• [Try it] Exact copy, no pictures: repeat the data that follows.

• [Information provided]
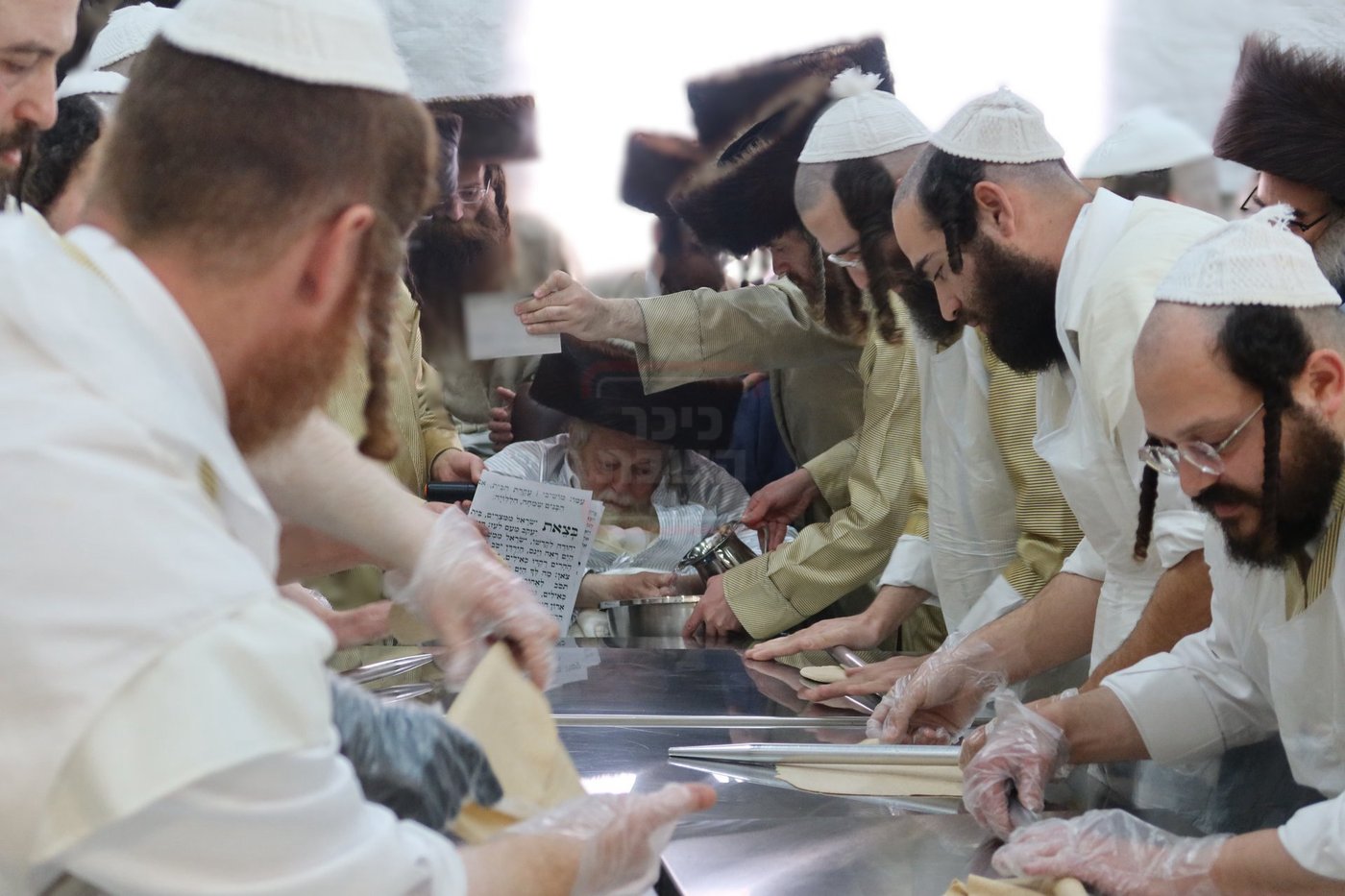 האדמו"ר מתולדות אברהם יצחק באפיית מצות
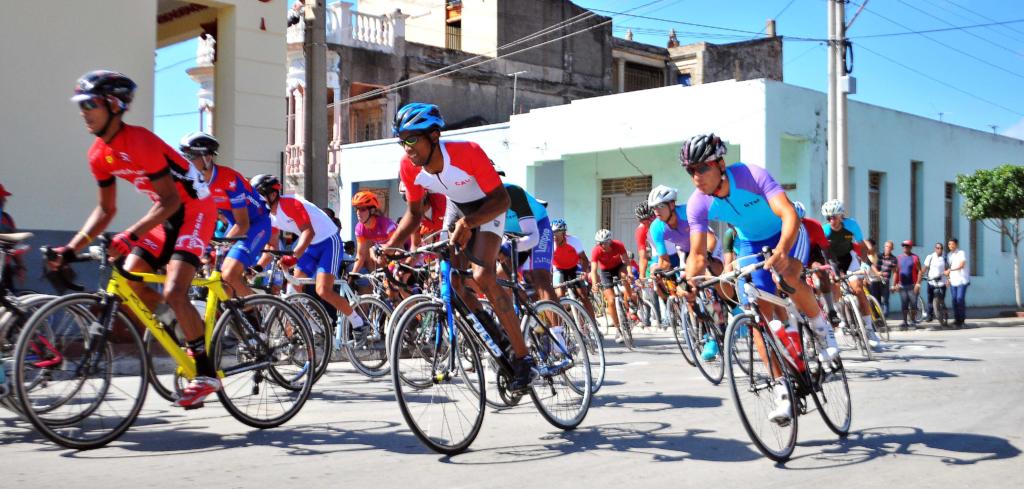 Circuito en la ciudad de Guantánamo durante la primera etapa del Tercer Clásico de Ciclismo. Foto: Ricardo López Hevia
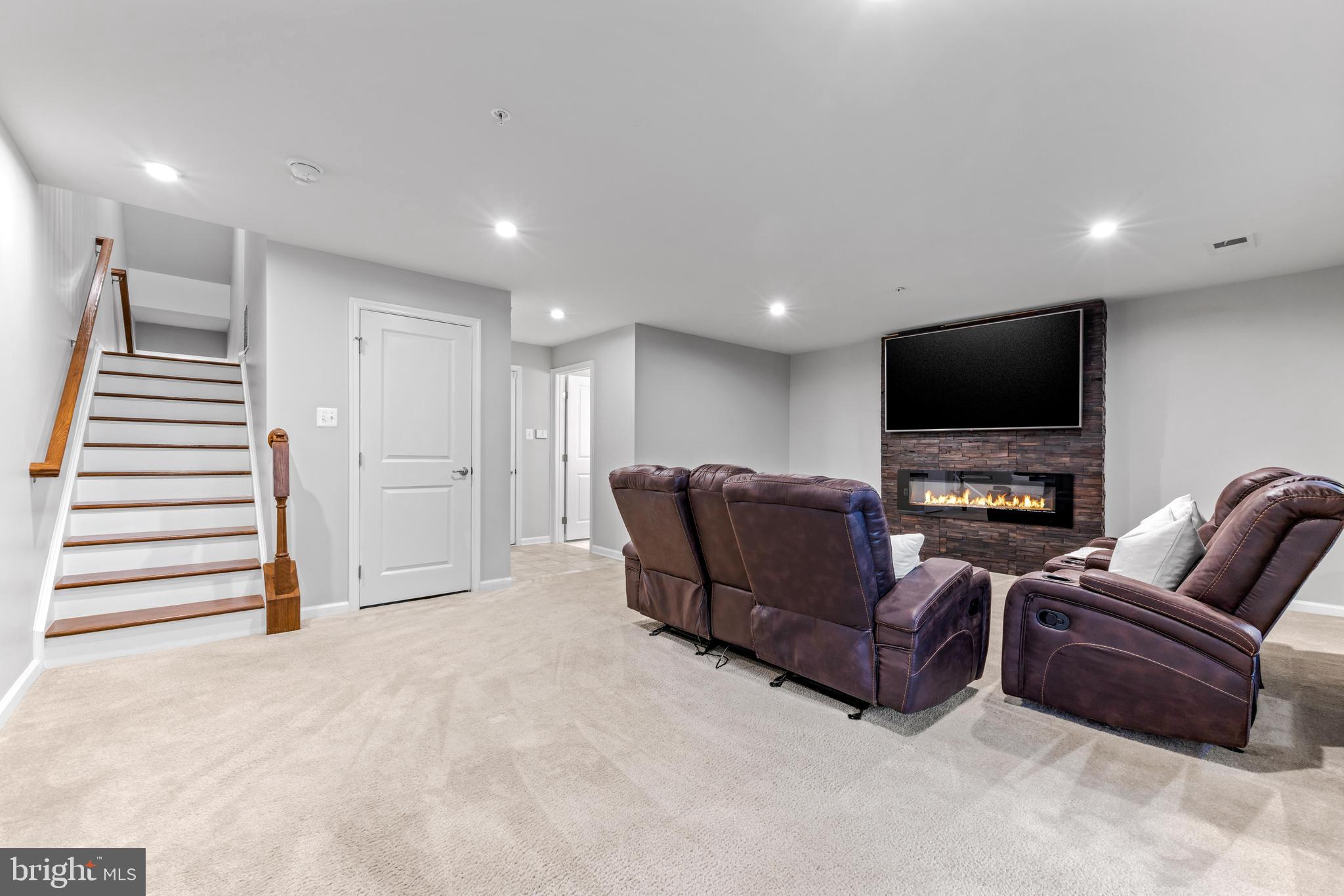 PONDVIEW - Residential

• [Output below]
 האדמו"ר מתולדות אברהם יצחק באפיית מצות
 Circuito en la ciudad de Guantánamo durante la primera etapa del Tercer Clásico de Ciclismo. Foto: Ricardo López Hevia
 PONDVIEW - Residential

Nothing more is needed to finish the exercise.